Schema and column types

The mapping of a Table's column names to data types is referred to as a schema. Each column has a unique name and a single data type, one of

  • float
  • integer
  • boolean
  • date
  • datetime
  • string

A Table schema is fixed at construction, either by explicitly passing a schema dictionary to the Client::table method, or by passing data to this method from which the schema is inferred (if CSV or JSON format) or inherited (if Arrow).

Type inference

When passing CSV or JSON data to the Client::table constructor, the type of each column is inferred automatically. In some cases, the inference algorithm may not return exactly what you'd like. For example, a column may be interpreted as a datetime when you intended it to be a string, or a column may have no values at all (yet), as it will be updated with values from a real-time data source later on. In these cases, create a table() with a schema.

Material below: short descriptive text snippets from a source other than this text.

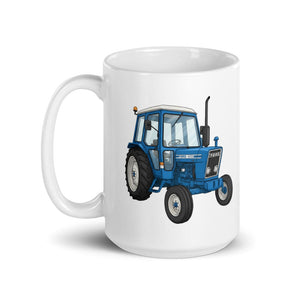 Furrow & Fields Ford 4600 Illustration (Front) | White Glossy Mug Quality Farmers Merch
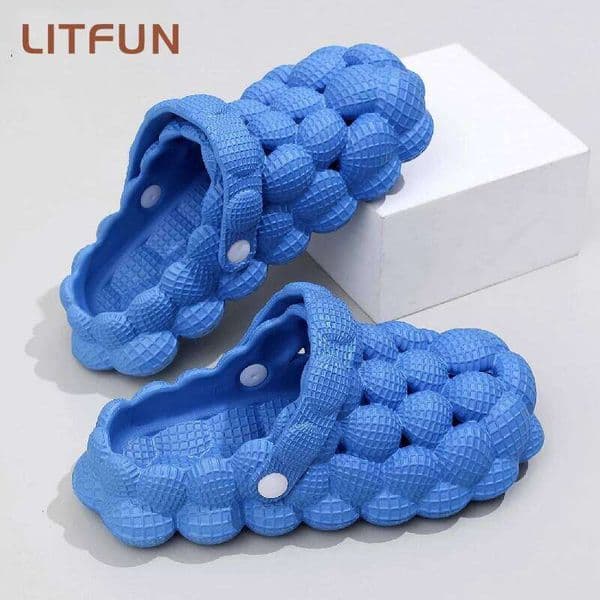 Litfun Cute Women Slippers Bubble Ball Summer Indoor Massage Cloud Slide Outdoor Closed-toe Fashion Beach Casual Sandals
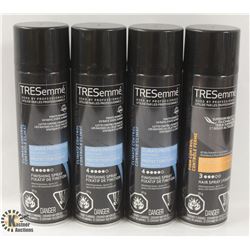 3 CANS OF TRESEMME FINISHING SPRAY & 1 CAN OF
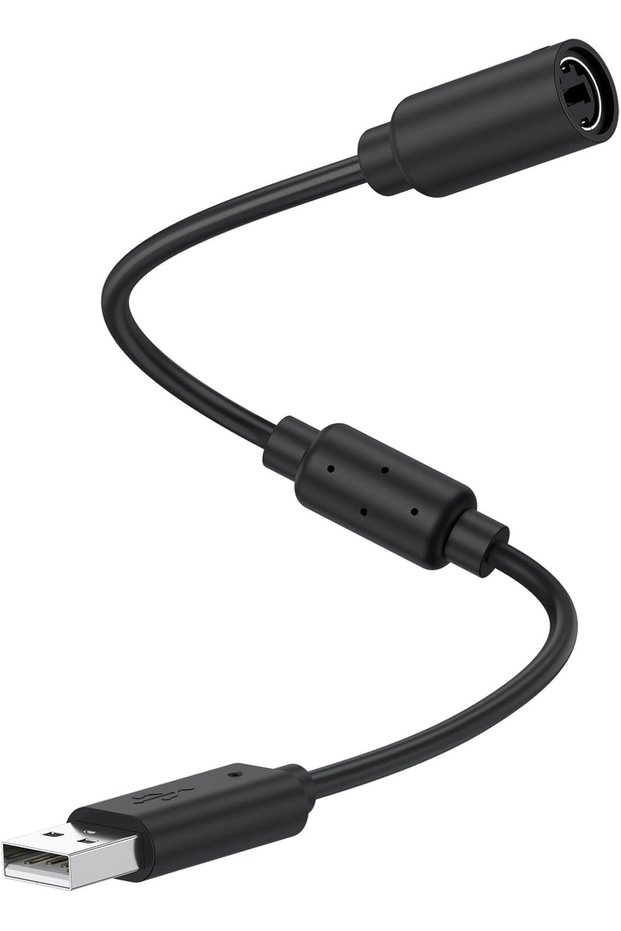 USB Breakaway Cable for Xbox 360, Replacement Adapter for Xbox 360 Controller Compatible with Logite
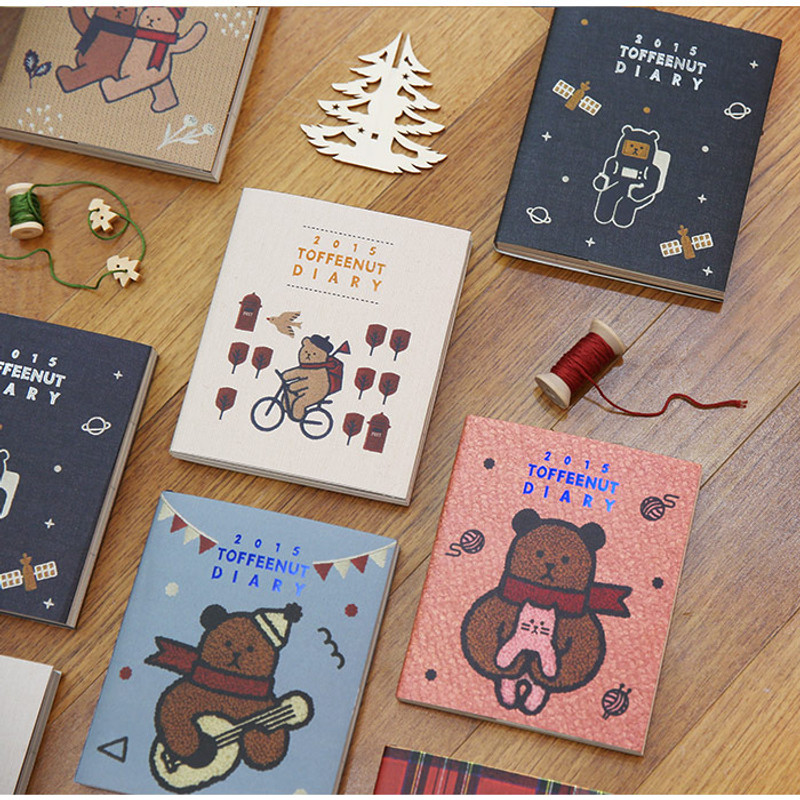 2015 Monopoly Warm and cute toffeenut dated diary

Once the Table has been created, further Table::update calls will perform limited type coercion based on the schema. While coercion works similarly to inference, in that input data may be parsed based on the expected column type, Table::update will not change the column's type further. For example, a number literal 1234 would be inferred as an "integer", but in the context of an Table::update call on a known "string" column, this will be parsed as the string "1234".

date and datetime inference

Various string representations of date and datetime format columns can be inferred as well coerced from strings if they match one of Perspective's internal known datetime parsing formats, for example ISO 8601 (which is also the format Perspective will output these types for CSV).